= TO DO =
From the data below, return only the lines from the one with "Road Rush Racing游戏截图4" through the one with "510 Chinook Winds Ln Lot 6, Tieton, WA 98947", exact and inclusive, with pictures left out.
(DATA EXTRACT)
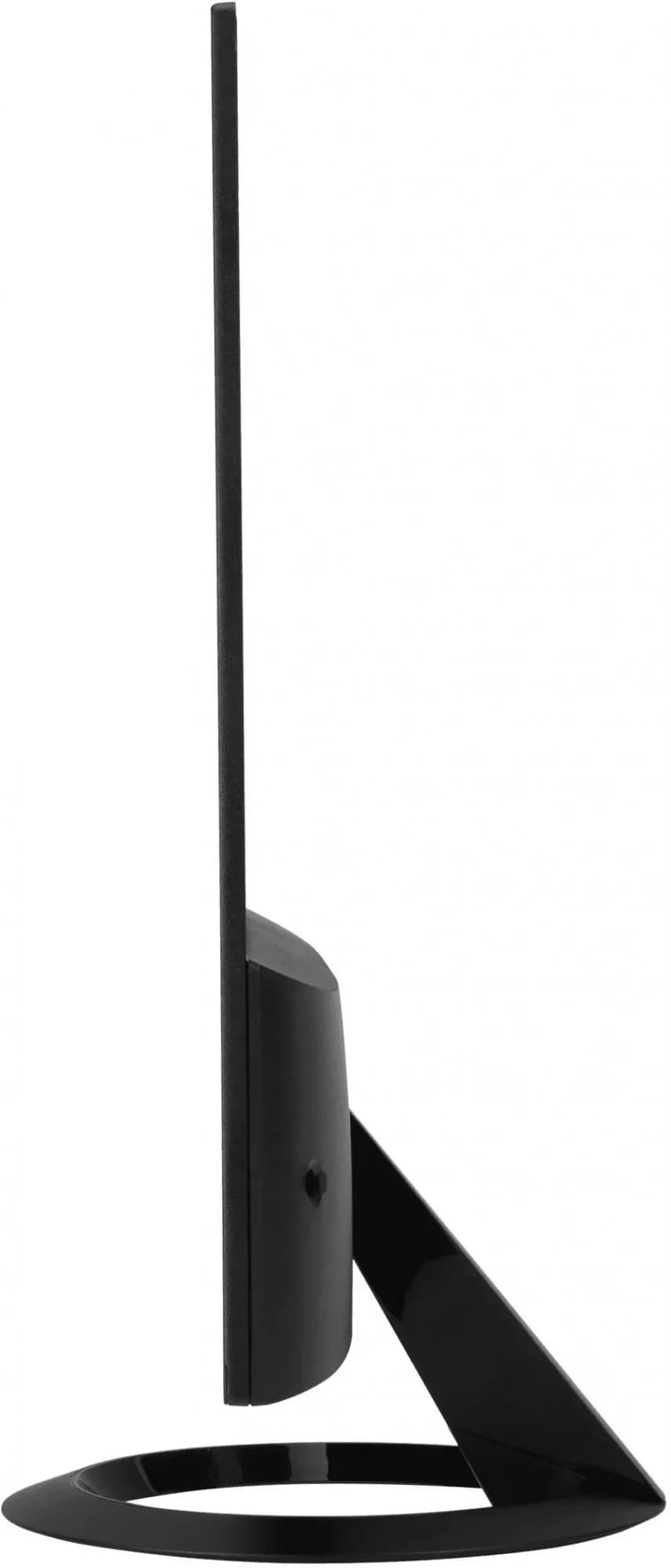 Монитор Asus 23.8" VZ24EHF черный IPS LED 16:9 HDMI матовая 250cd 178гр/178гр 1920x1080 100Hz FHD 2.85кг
(End DATA EXTRACT)
(DATA EXTRACT)
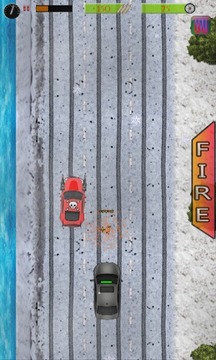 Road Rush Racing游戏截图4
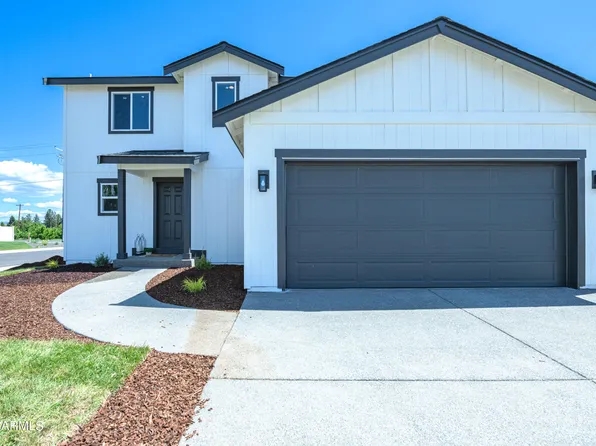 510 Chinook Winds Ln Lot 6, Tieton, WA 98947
(End DATA EXTRACT)
(DATA EXTRACT)
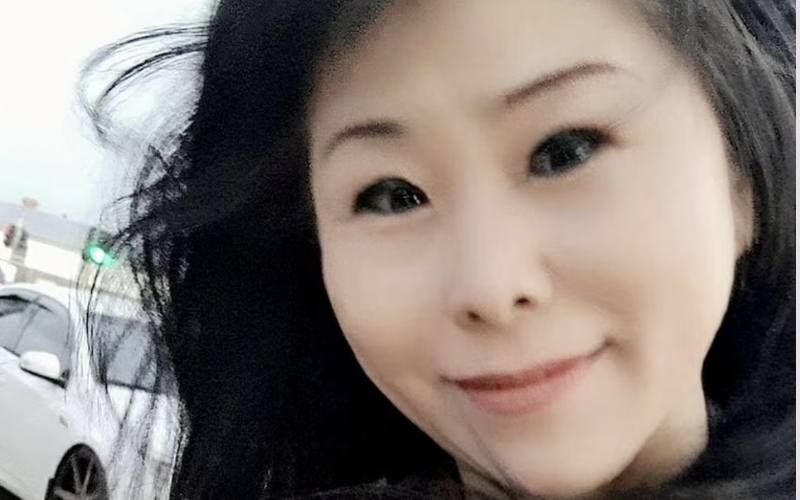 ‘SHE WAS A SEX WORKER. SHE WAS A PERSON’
(End DATA EXTRACT)
= WRITTEN ANSWER =
 Road Rush Racing游戏截图4
 510 Chinook Winds Ln Lot 6, Tieton, WA 98947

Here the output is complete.